TO DO
Filter these entries down to the lines that hold the word "Green", and show each of them.
━━━━━ MATERIAL SUPPLIED
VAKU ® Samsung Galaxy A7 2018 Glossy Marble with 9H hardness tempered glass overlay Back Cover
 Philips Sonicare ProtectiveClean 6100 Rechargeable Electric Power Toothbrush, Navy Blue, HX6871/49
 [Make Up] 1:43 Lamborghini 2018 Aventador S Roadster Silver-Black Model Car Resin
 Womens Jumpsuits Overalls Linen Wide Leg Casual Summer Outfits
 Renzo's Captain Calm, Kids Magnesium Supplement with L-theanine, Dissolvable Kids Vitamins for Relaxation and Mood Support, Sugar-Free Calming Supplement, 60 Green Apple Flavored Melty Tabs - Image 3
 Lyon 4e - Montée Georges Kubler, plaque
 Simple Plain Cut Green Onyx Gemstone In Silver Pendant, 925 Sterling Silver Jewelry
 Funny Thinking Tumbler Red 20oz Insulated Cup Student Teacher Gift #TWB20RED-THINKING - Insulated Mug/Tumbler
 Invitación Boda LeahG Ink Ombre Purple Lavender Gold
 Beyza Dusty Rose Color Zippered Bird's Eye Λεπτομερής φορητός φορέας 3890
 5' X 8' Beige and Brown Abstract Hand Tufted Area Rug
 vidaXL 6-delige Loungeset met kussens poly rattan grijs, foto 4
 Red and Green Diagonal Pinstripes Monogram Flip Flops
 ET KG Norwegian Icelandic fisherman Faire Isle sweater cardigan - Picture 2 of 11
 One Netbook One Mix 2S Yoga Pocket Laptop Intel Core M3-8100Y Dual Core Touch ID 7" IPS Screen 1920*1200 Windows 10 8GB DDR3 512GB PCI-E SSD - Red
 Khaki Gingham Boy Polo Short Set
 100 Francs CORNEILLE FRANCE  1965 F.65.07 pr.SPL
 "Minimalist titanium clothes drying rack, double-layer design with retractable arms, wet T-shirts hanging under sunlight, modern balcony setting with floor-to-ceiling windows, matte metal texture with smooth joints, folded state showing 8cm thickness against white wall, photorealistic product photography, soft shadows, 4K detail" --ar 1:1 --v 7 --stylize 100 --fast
━━━━━━━━━━
RESPONSE TO THIS EXERCISE
 Renzo's Captain Calm, Kids Magnesium Supplement with L-theanine, Dissolvable Kids Vitamins for Relaxation and Mood Support, Sugar-Free Calming Supplement, 60 Green Apple Flavored Melty Tabs - Image 3
 Simple Plain Cut Green Onyx Gemstone In Silver Pendant, 925 Sterling Silver Jewelry
 Red and Green Diagonal Pinstripes Monogram Flip Flops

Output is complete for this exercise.